Some 1.6 million deer-vehicle crashes occur annually nationwide, resulting in approximately 200 fatalities, tens of thousands of injuries and more than $3.6 billion in vehicle damage, according to the Insurance Institute for Highway Safety (IIHS).
In Maryland, there were 1,587 animal-involved crashes on average yearly between 2007 and 2011, according to the latest data available from the Maryland Motor Vehicle Administration’s Highway Safety Office. On average, 1,355 crashes resulted in property damage, with animal-involved crashes resulting in 269 people being injured and one killed, according to AAA Mid-Atlantic.
In Maryland, AAA Insurance reported a 2.8 percent increase in the number of animal collision claims filed by its insured motorists between 2010 and the end of 2012. During that time the average cost of a claim was approximately $1,980.
In Maryland, the auto club reports that the most animal collision claims filed were from Carroll, Baltimore, Frederick, Montgomery and Harford counties.
“Motorists need to be extra vigilant no matter what road they travel, but especially on rural, wooded roads and during commuting times, which coincide with high times of deer activity," according to an AAA press release.
"If a deer-vehicle collision is unavoidable, don't swerve out of your lane or lose control of your vehicle,” said Ragina Averella, manager of Public and Government Affairs for AAA Mid-Atlantic. “Also protect yourself by always wearing a seat belt and staying alert and sober.”
Deer can run as fast as 35 mph and can leap over 8-foot barriers, according to the Maryland Department of Natural Resources.
AAA Tips for Drivers During Deer Mating Season
- Scan the road and shoulders ahead of you. Looking ahead helps provide enough reaction time if an animal is spotted. Also, remember some animals move in groups, so when there is one, there are usually more in the area.

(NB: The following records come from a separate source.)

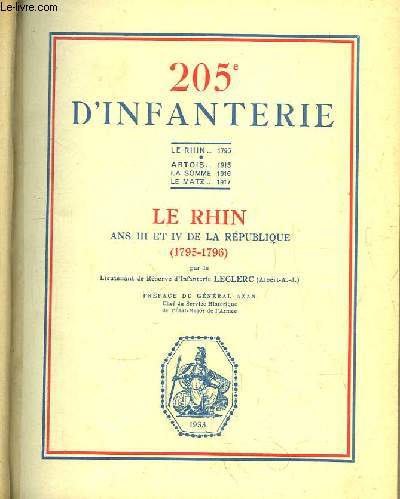 205e d'Infanterie. Le Rhin, Ans III et IV de la Rpublique (1795 - 1796).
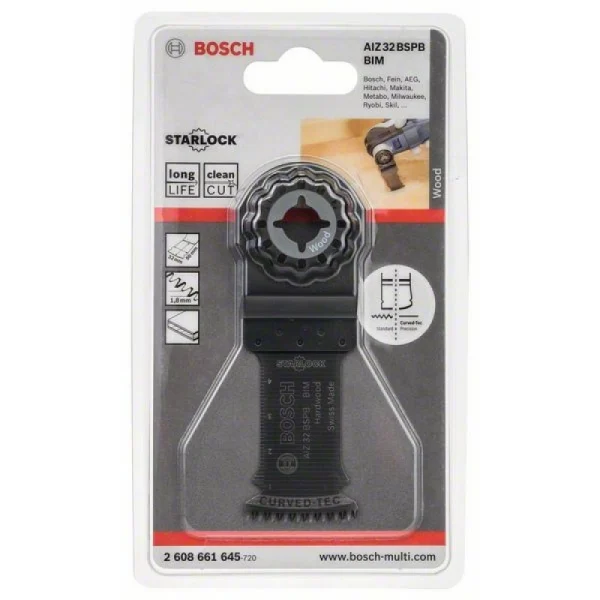 Погружное пильное полотно BIM AIZ 32 BSPB Hard Wood 50x32 мм Bosch 2608661645 — изображение 2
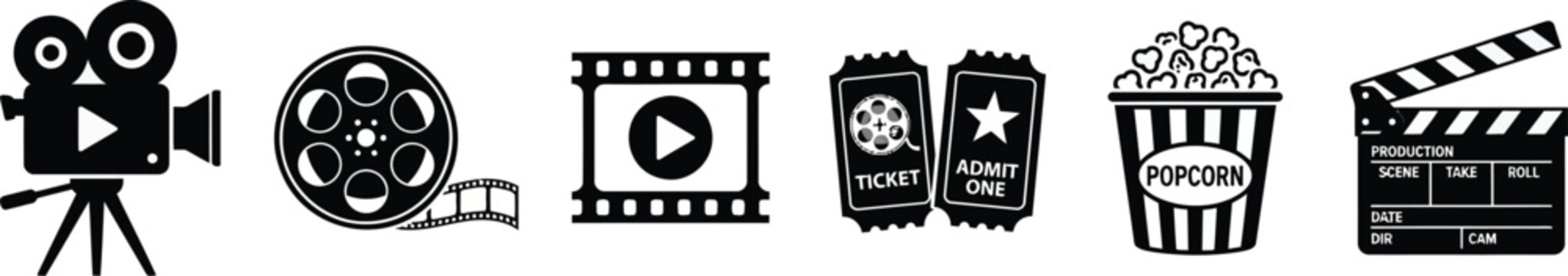 Cinema industry equipment and entertainment set icons collection.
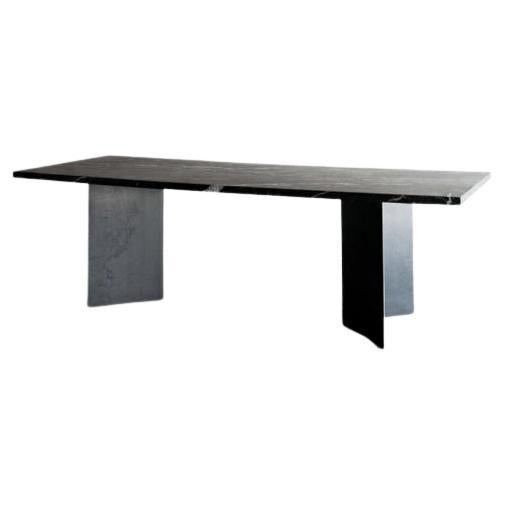 Parker Dining Table in Nero Marquina Marble by Croft House
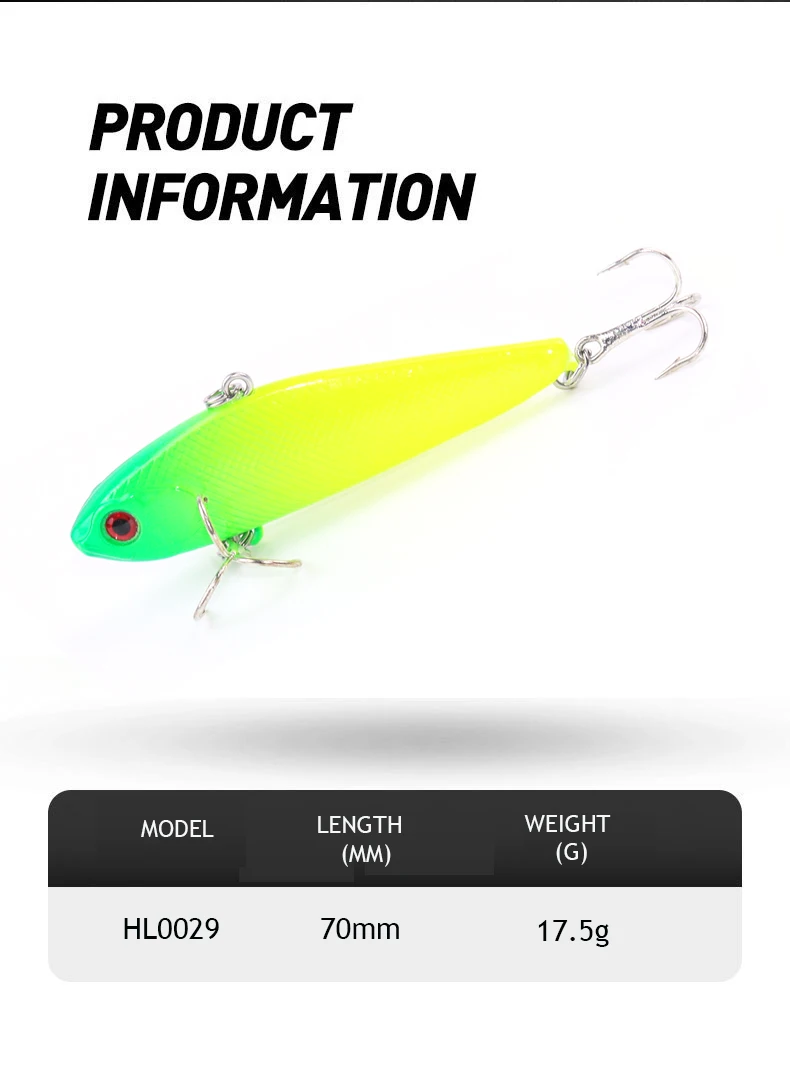 Volin NEW 1pc Vibration Bait  Fising Lure 70mm/17.5g Lipless Crankbaits Hard Artificial VIB Bait For Seabass Inshore Sea Fishing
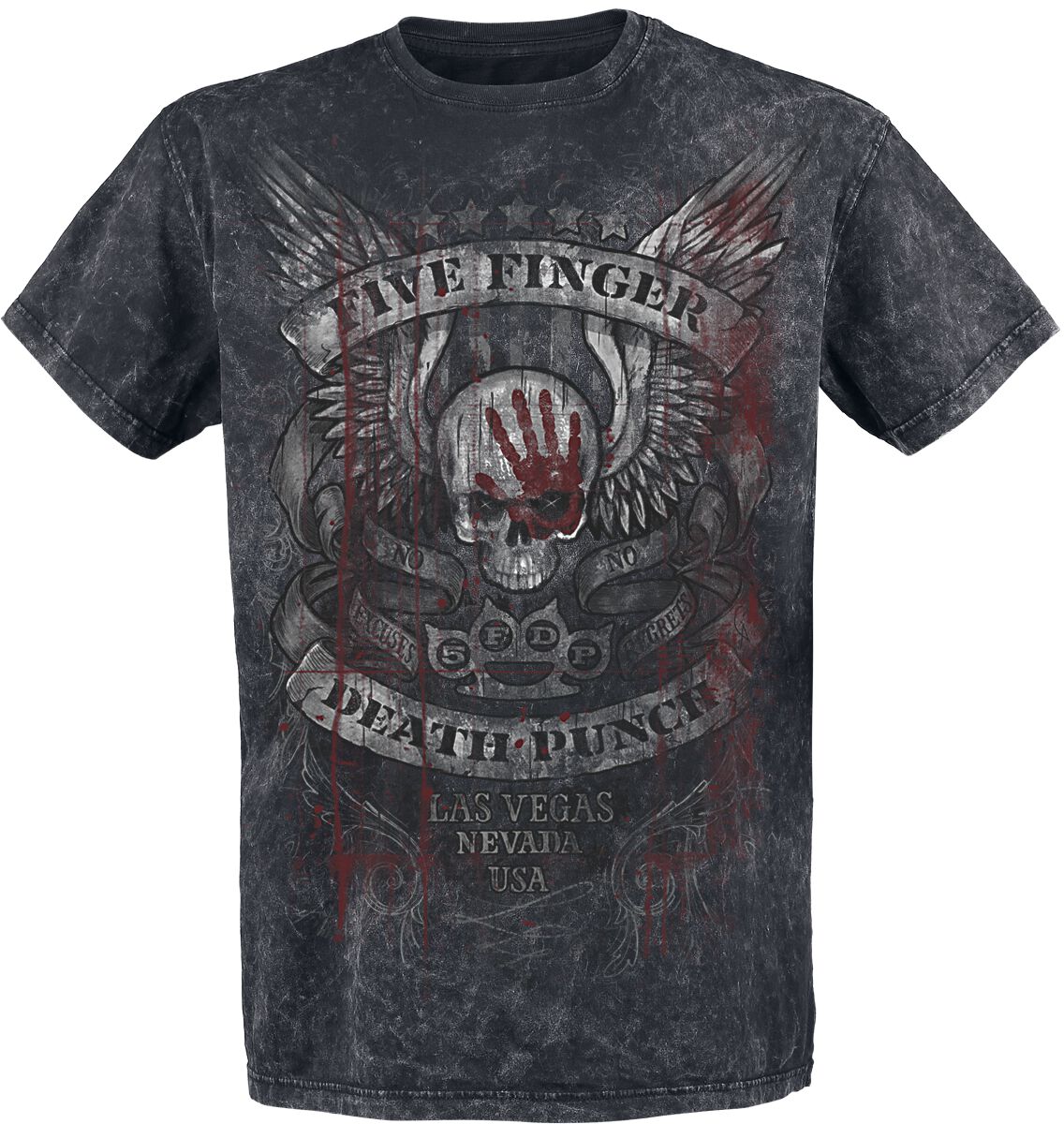 Five Finger Death Punch No Regrets T-Shirt schwarz grau in L
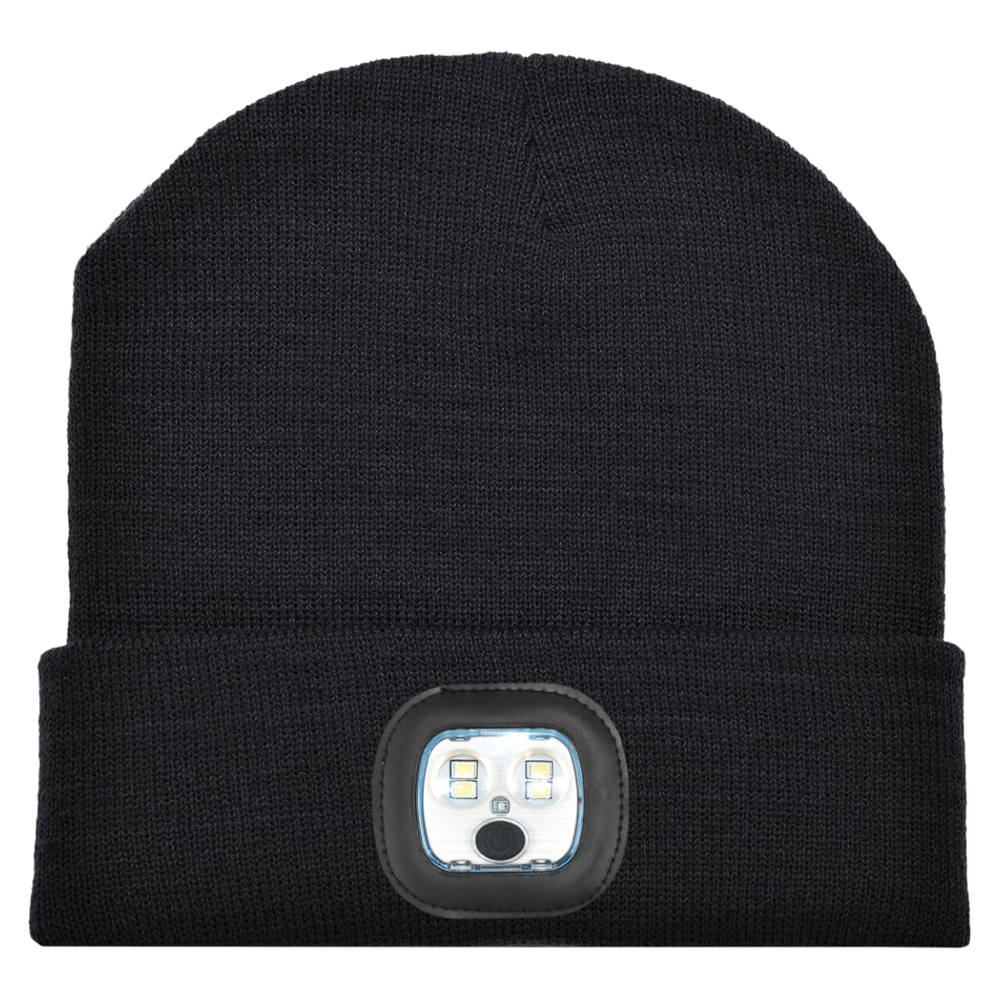 Strickmütze mit LED - Schwarz (Black) / Schwarz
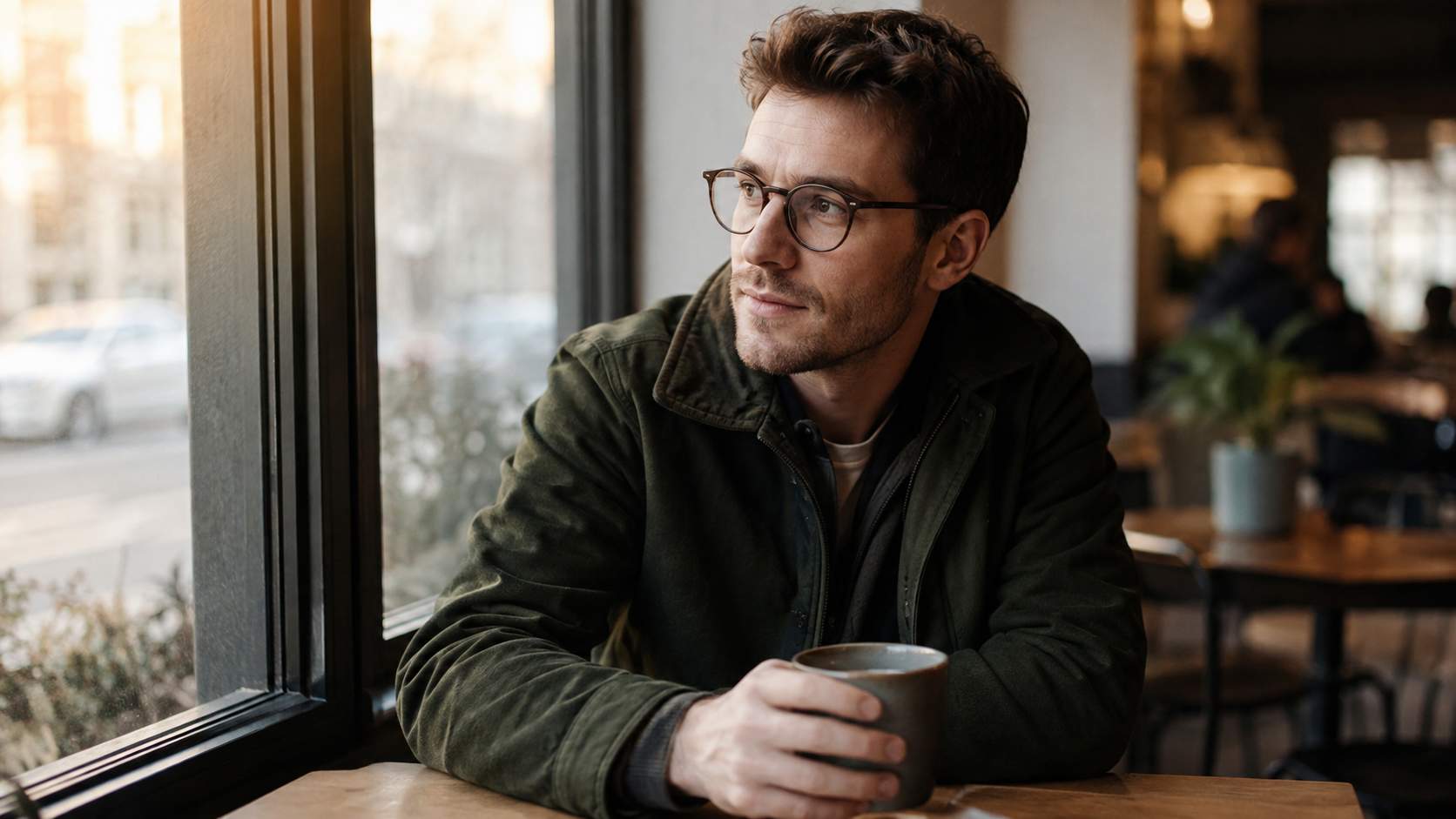 Reference image 2: character B, man with glasses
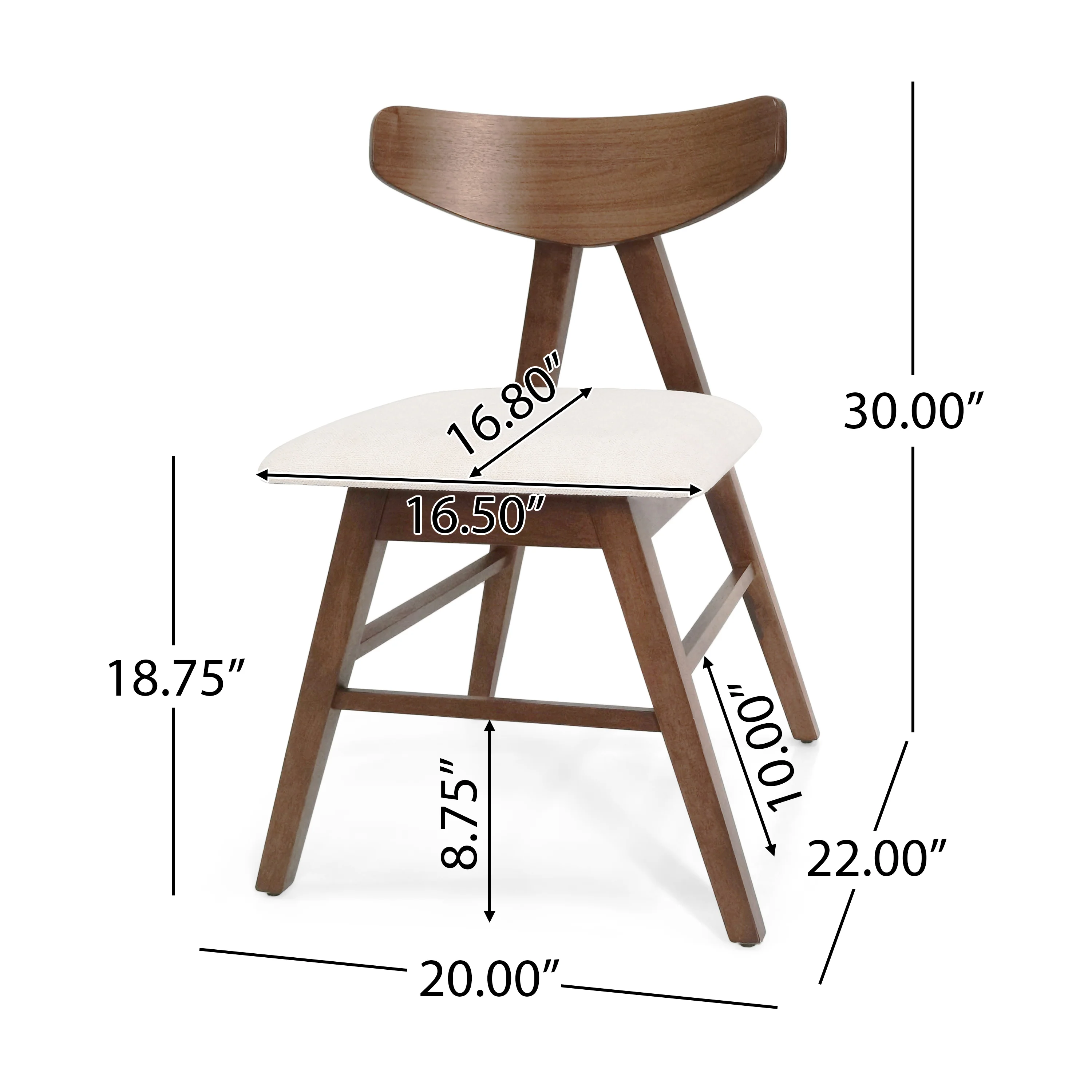 Sunapee Mid Century Modern Fabric Upholstered Wood Dining Chairs, Set of 2 - furnishings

- Use high beam headlights if there’s no oncoming traffic. Wildlife may be spotted sooner when using high beams. This will give the driver time to slow down, move over or honk the horn to scare the animal away. High beams also help in spotting some animals’ reflective eyes.
- If a collision is unavoidable, apply the brakes firmly and remain in your lane. Swerving to avoid an animal can often cause a more serious crash or result in drivers losing control of vehicles.
- Be extra cautious at dawn and dusk. Most animals, especially deer, tend to be more active early in the morning and at dusk.
- Slow down and use extra caution when traveling through areas with a high and active wildlife population. Be aware of increased wildlife movement in some regions during certain times of year such as hunting or mating season.
- Drivers should always wear a seat belt and remain awake, alert and sober.
- Do not try to move the animal. An injured animal might panic and seriously injure someone. Call police or animal control for assistance.